Can Australian states survive?

Sydney Harbour Bridge and Sydney Opera House (picture Ian Brown)

A very interesting talk on the state of federalism in Australia yesterday, given by Geoff Anderson of Flinders University, Adelaide. The discussion about whether federalism is primarily about centralisation or decentralisation gets some extra dimensions from the discussion in Australia.

On one side, there is the development of communications and transport connecting the different states together – “Australians treat aeroplanes like buses”, said Geoff Anderson – which encourages the strengthening of the federal level. The Australian business community firmly supports the moves for efficiency, in the form of “a seamless national economy”: the qualifications for hairdressers and plumbers in one state are not recognised in others, for example. This is the political consensus. Anyone who attempted to raise a discussion about states’ rights would be seen as an economic wrecker.

There are other examples, too, where decision-making is perhaps too decentralised. The Murray-Darling river basin, which flows through four states, lacks a common approach to managing abstraction rates, so it is often at very low levels and sometimes even dries up altogether.

The notion of subsidiarity, in which powers are exercised at the most appropriate level, would be very relevant here. But Geoff Anderson also described how centralisation could go, in some respects, too far.

The fact that Australia had signed an international treaty of the protection of habitats gave the federal government the right to intervene in state government decisions on infrastructure questions, according to a judgment from the High Court of Australia. Australian participation in the war on terror had led to the federal government, which does not have the competence for law and order, imposing expectations on the state governments, which do. And a feature of the constitution which permits the federal government to attach conditions to its financial transfers to the states had, unsurprisingly, led to a great many such conditions being attached. Schools, a state responsibility, would only get funding if they had working flagpoles, for example, and followed a standard history curriculum.

One of the factors encouraging this development had been party political. For a number of years recently, the federal government had been Liberal while all the state governments were in the hands of the Labor party. The debate about the best level at which to enact a particular policy had therefore become entwined with a debate about which policy to follow.

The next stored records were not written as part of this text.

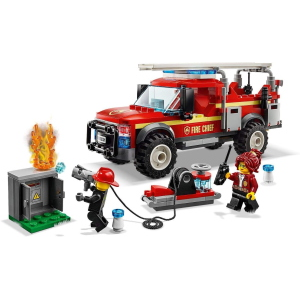 CITY ACTION - FUORISTRADA DEI VIGILI DEL FUOCO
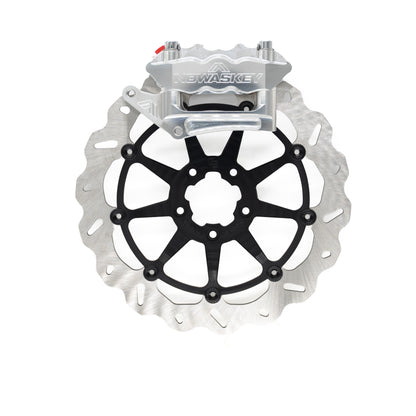 2000 - 2024 Kit de conversión de freno radial de 13” (paquete completo)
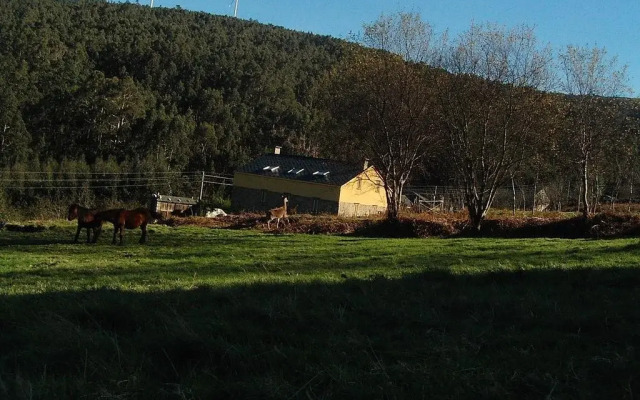 Casa Rural Soutomoro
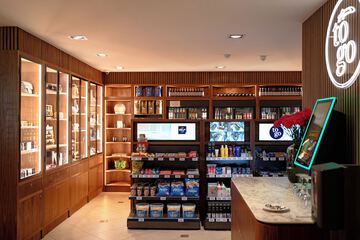 Gift shop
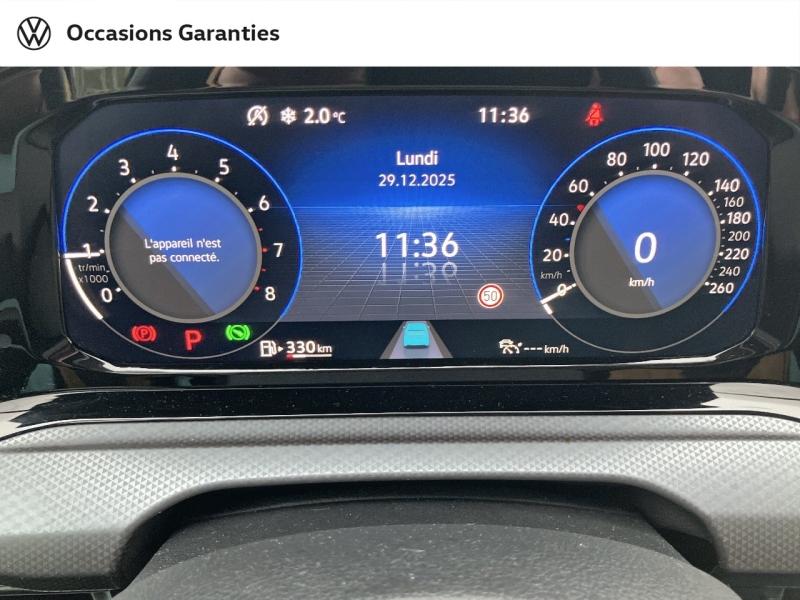 Voitures occasions VOLKSWAGEN GOLF Active Villeneuve-d'Ascq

There were no obvious answers to these dilemmas. A further factor in the centralisation of Australian politics is the national media, that demands that national politicians take action even on matters that could (and should) be decentralised. The politicians themselves are able and happy to oblige. The Australian federal constitution does not appear to have enough protections for the rights of the states, and power accretes upwards.

It is not inevitably the fate of a federation that power should become more centralised: the whole point of federalism is to ensure that it cannot, but the factors that kept Australia decentralised – the sheer size of the country, its origins as a set of separate colonies – have grown less important as time has passed and the factors that reward centralisation – economic liberalisation, environmental impacts – have become stronger. I did not get the impression from Geoff Anderson that decentralisation and diversity are generally seen in Australia as values in their own right. I think that is probably a pity.